Born in Hampstead in 1935, Winner cut his teeth as a journalist, working as a cub reporter on the Kensington Post, Showgirl Glamour Revue and the NME, before scoring a job as assistant director making BBC television programmes.
By the early '60s he'd made a name for himself as a director. Shoot To Kill, a thriller about a showbiz reporter that had shades of autobiography about it, marked his feature debut. But it was his collaboration with Oliver Reed, beginning with** The Jokers** in 1964 and continuing with I'll Never Forget What'sisname and Hannibal Brooks, that gave his career a timely boost.
He was best known as a filmmaker for 1974's tough-guy thriller Death Wish. In it, Charles Bronson played Paul Kersey, a vigilante whose violent quest to avenge the murder of his wife was set against a bleak and brooding New York cityscape. The film was a box-office smash and launched a Death-franchise that never quite matched the appeal - or controversy - of the original, or their 1972 thriller The Mechanic.
1998's comedy-thriller Parting Shots proved to be his last movie, with Winner turning hand back to journalism and writing often brutal, usually entertaining restaurant criticism for The Sunday Times, occasionally also popping up in insurance ads to cheer up haggard motorists.

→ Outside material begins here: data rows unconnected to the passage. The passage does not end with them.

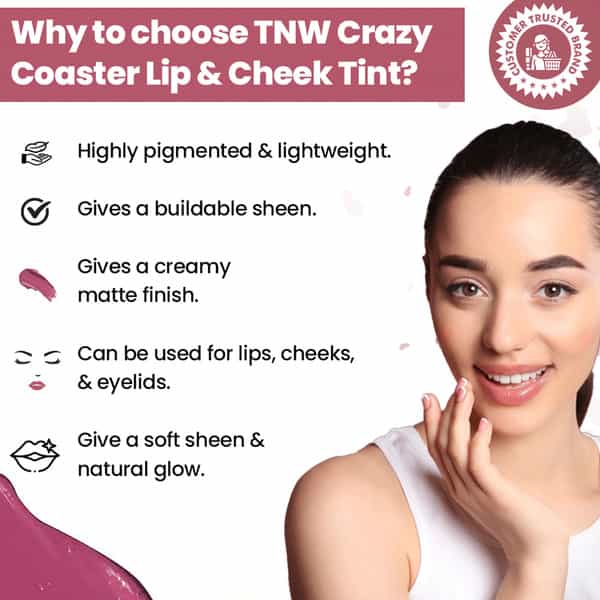 Tnw The Natural Wash Crazy Coaster Lip & Cheek Tint | With Grapeseed Oil & Castor Oil- 5 G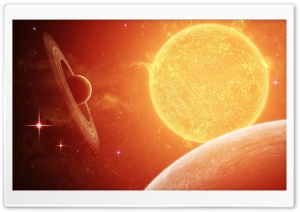 Planets Prbiting Around A Bright Star Ultra HD Wallpaper for 4K UHD Widescreen desktop, tablet & smartphone
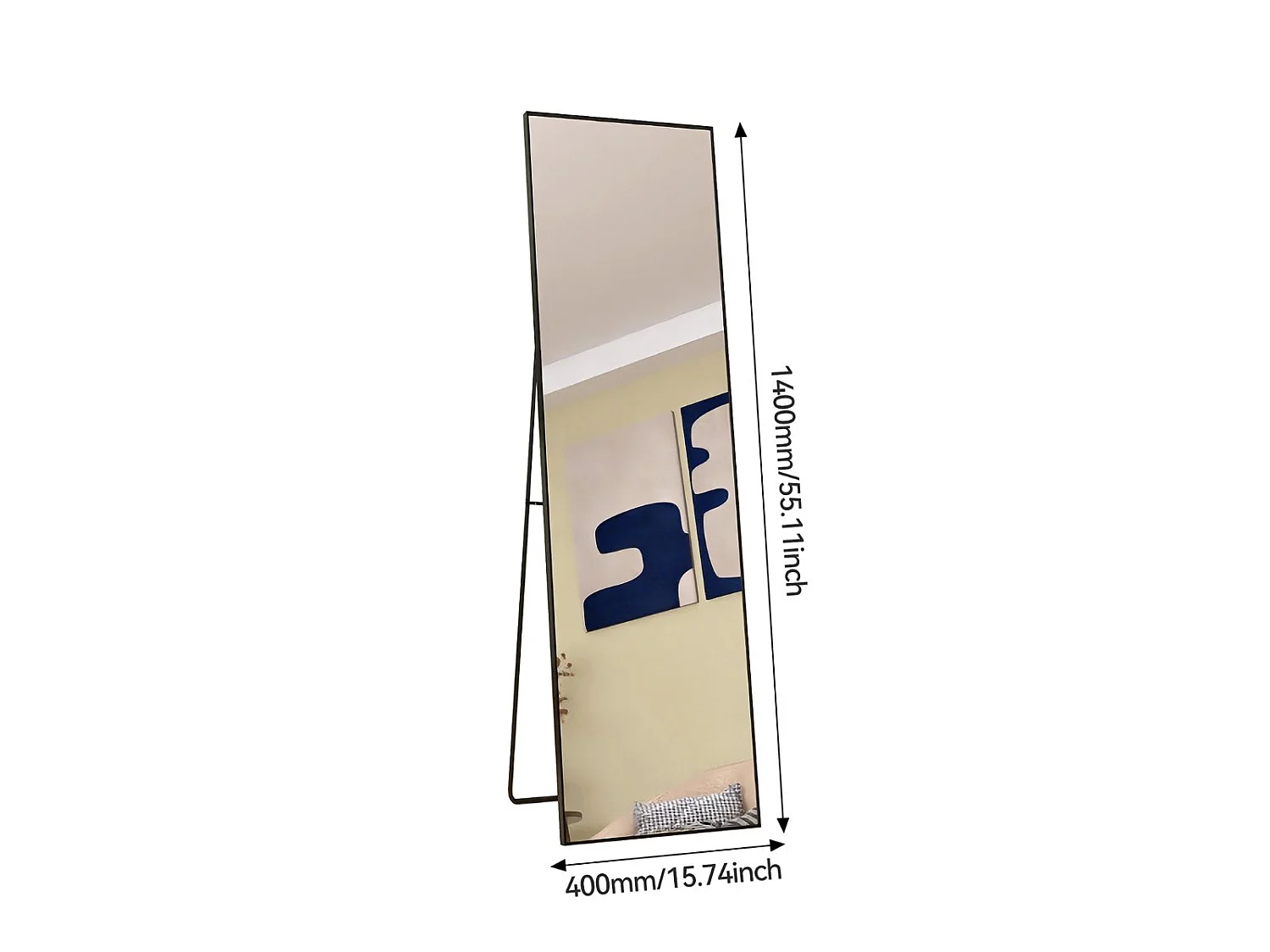 Miroir sur pied 140 x 40 cm - cadre fin en métal - grand miroir plein pied - noir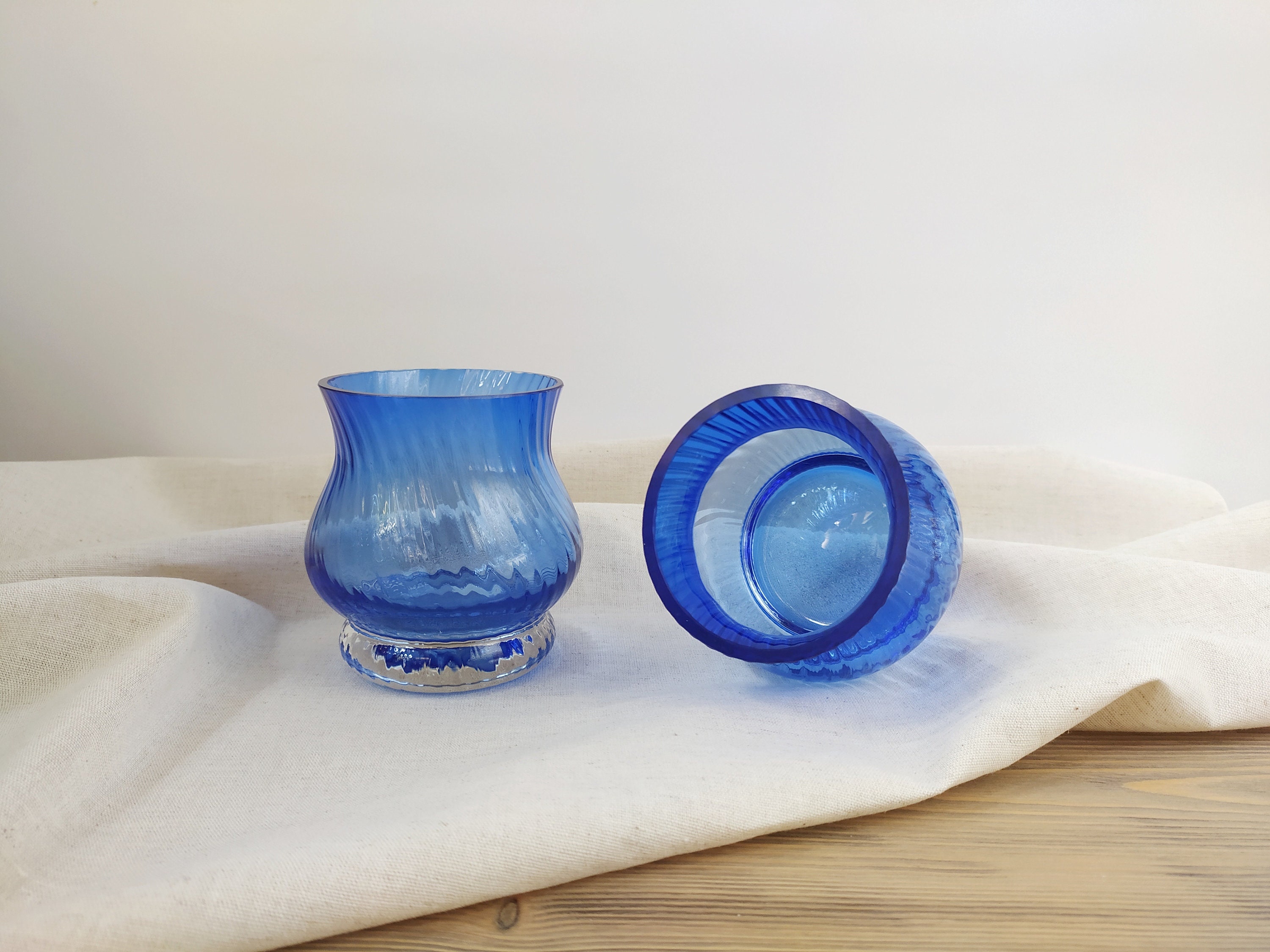 Vintage Blue Glass Bud Vase Clear Blue Glass Vase Etsy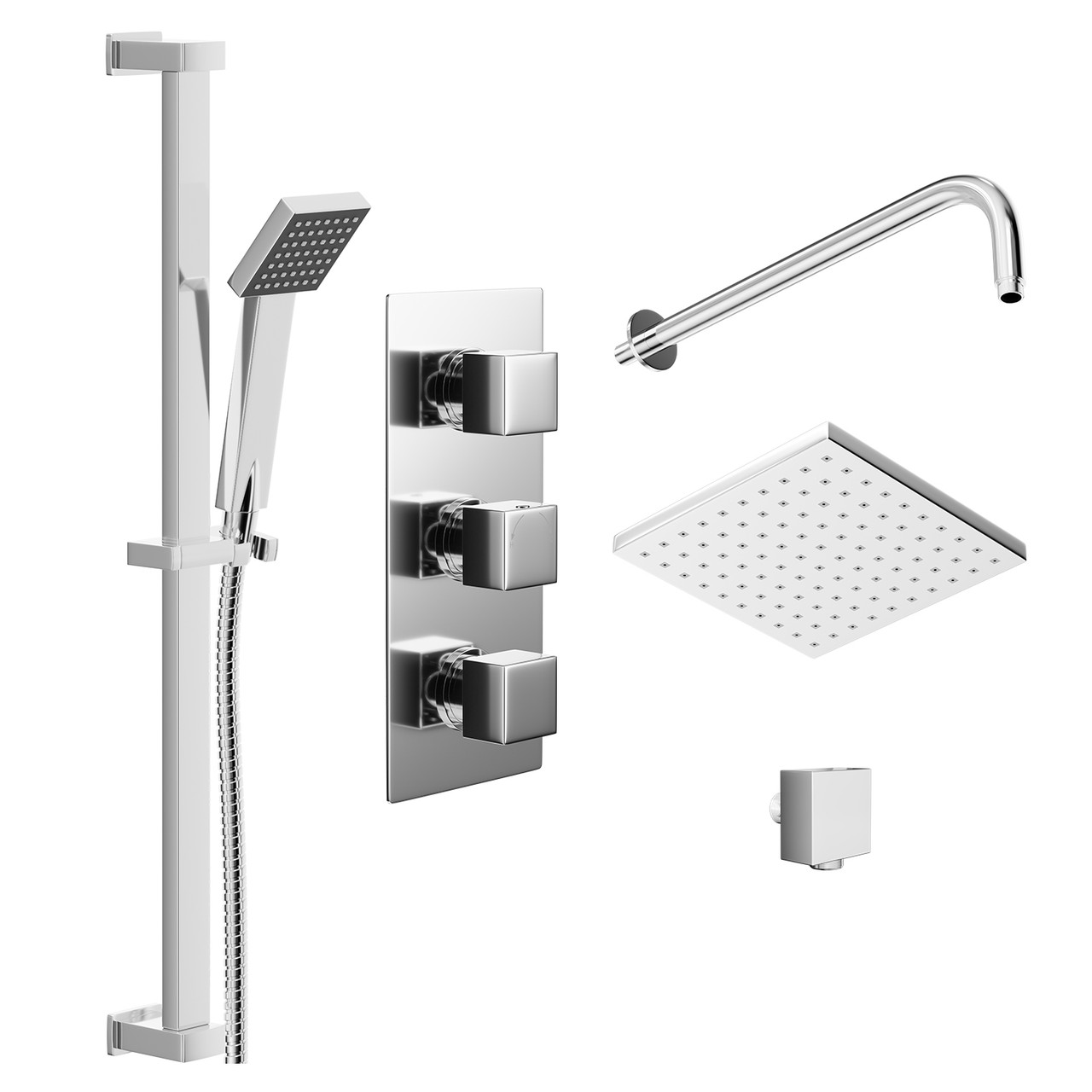 Cubix Polished Chrome Triple Thermostatic Valve Mixer Shower with Square Fixed Head and Thames Shower Slide Rail Kit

"I’ve had an incredible life," an ailing Winner reflected last year. "Brando was my best friend, Mitchum, Burt Lancaster, even though he tried to kill me three times... I can look back and say I have lived a life that very few people alive have lived. I have done 40 major movies with the biggest stars in the world.”
His wife Geraldine, who survives him, issued a statement describing him as "a wonderful man, brilliant, funny and generous".